The car was fine before installing the coilovers. I got alignment after and everything is pretty solid except camber. I have -1.3 camber on the left and +1.2 on the right.

my wheels are 19" by 9 SSR GT3 35mm offset in the front, same size tires and everything. 

25mm offset in rear. Things are solid in the rear. 

I hit a deer last year. Impact was front driver fender, bumper, and hood. 

I was thinking about going to a frame shop tomorrow to have it checked just to make sure if the deer incident didn't mess anything up but I was wondering if there's suspension part that I may have to modify after installing the coilovers. 

help please?? :confused


----------



## 87GN06GTO07IRL (Aug 10, 2009)

It's the camber difference causing that. Go back to alignment shop and tell them you want them both negative. If not, your will never handle again.


----------



## Alireza (May 26, 2011)

87GN06GTO07IRL said:


> It's the camber difference causing that. Go back to alignment shop and tell them you want them both negative. If not, your will never handle again.

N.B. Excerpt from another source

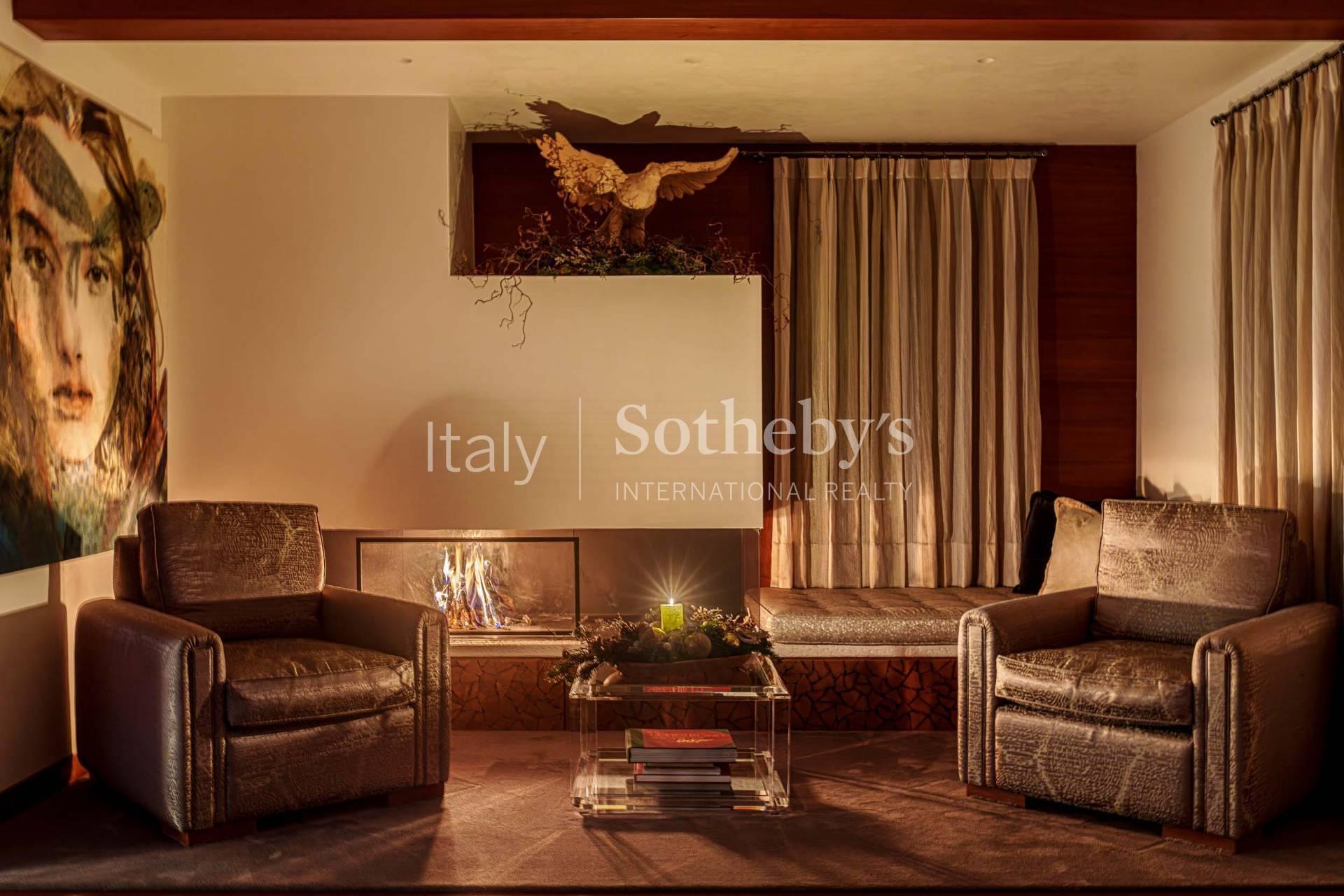 Chalet lussuoso e moderno nel cuore delle Dolomiti, in affitto, Cortina d'Ampezzo | Sotheby’s Realty Italy - 5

Thanks for the response.. 
Ok, I've been trying to figure out how to do the camber adjustment. my coilovers did not come with the camber plate and I can't seem to find a decent camber kit online. All I have found is these:

New Rear Mevotech 1-corner set Camber and Alignment Kit Chevy Olds S60 2006 Car | eBay


----------



## Alireza (May 26, 2011)

Anybody knows how to adjust the camber in the front? It's sitting on megan coils. I really need to fix this asap and alignment shops want to know how it's done before setting to do the job. 

please help..


----------